The Importance of the Prefix "Co" in Non-Traditional Literacy Activities

Megan Mogan, MS, CCC-SLP, Speech-Language Pathologist

Frosting as co-writing

I’m sure you are a little confused that this is a literacy post and I am stuffing frosting into my face next to a student in the photograph to the left.  Well, I promise you it’s a literacy activity, though not in the “traditional sense.” Let me explain…

Several years ago I received specialized training in deafblindness here in Arizona.  At about the same time I was reading one of Dr. Jan van Dijk’s essential strategies for deafblind learners known as “Coactive Movement,” the phrase “Do WITH not FOR” was being repeated over and over.  I may have been in a training on deafblindness, but these core concepts forever changed the way I worked with VI students with multiple disabilities.  My most successful students had someone who did things WITH them when they were learning something for the first time.  It seemed so obvious, yet I was not practicing this in my daily interactions. I never took the prefix “co-“ for granted again, and I saw my students as competent, willing, and thoughtful participants throughout our language and literacy activities.

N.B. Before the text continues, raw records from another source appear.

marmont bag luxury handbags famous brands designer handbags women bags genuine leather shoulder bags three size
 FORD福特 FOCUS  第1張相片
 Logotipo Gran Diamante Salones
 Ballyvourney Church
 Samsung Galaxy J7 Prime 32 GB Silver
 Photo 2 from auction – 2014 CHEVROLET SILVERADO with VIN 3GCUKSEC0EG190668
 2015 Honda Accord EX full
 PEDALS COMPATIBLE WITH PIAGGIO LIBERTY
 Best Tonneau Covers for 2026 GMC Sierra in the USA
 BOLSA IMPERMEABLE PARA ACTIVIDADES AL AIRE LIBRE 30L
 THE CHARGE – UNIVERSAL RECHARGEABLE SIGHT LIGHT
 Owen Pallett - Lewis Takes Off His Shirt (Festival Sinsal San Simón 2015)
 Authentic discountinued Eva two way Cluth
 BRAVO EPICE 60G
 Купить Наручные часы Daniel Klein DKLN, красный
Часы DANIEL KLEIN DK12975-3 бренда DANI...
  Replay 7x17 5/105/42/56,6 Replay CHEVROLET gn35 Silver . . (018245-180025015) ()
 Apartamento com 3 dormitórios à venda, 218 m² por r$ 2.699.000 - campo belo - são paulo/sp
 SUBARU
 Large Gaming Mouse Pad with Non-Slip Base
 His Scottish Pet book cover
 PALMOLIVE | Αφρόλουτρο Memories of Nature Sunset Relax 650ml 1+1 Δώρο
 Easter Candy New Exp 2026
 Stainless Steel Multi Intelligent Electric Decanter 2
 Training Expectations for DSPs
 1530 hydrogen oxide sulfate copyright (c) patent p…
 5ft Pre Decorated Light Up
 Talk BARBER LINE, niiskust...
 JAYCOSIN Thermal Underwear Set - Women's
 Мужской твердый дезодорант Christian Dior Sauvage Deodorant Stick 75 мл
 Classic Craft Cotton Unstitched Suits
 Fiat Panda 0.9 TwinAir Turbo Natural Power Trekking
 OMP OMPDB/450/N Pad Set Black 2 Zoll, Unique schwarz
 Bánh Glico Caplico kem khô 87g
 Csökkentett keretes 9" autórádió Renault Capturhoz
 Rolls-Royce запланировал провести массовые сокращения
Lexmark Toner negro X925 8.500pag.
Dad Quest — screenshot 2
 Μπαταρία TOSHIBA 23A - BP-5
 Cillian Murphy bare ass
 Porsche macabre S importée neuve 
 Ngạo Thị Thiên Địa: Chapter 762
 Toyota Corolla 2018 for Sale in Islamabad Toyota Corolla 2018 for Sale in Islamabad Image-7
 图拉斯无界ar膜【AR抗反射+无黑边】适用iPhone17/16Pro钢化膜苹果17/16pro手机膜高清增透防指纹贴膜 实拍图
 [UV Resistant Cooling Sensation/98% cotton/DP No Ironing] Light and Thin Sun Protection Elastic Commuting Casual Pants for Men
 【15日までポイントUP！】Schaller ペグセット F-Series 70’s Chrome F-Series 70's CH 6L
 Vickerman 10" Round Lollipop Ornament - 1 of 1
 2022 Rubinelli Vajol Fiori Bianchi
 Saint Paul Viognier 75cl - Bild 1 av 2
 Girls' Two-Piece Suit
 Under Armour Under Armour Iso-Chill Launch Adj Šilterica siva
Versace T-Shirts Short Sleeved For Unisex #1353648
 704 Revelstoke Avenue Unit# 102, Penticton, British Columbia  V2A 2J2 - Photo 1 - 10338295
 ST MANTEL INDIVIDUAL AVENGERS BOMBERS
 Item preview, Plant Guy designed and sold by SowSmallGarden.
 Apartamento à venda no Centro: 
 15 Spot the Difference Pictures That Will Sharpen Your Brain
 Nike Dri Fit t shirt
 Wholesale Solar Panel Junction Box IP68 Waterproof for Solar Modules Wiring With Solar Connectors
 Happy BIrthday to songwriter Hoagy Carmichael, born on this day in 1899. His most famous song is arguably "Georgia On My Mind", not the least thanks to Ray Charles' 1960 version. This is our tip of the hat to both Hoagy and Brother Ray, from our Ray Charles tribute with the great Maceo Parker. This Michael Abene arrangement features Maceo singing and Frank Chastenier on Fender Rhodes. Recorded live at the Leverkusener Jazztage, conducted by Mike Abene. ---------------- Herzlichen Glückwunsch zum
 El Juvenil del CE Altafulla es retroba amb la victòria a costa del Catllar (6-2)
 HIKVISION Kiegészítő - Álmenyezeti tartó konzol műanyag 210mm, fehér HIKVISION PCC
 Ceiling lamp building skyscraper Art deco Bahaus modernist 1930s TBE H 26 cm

Because my VI students with multiple disabilities accessed literacy non-traditionally anyway, we used co-active movement activities as a way to generate topics that we would later co-write and co-read about using permanent object, partial-object, braille, print, and drawn representations.  Nowadays my co-workers (see what I did there?) are used to seeing me co-hip hop, co-crawl, co-frost, co-rock, co-giggle, and co-roll in my therapy sessions. These are the topics that are meaningful to some of my most involved students.  Our interactions with these topics and with each other (the “co-“) serve as a non-traditional, though critical mode of reading and writing.  This has resulted in several years of literacy materials generated through student-chosen topics.  The best part of it all? I got to write and read WITH my students, not FOR them.  

What are some of your student’s favorite co-active movement activities?  Do you use these activities as topics and routines throughout the day?  Have you written about them using non-traditional literacy modes?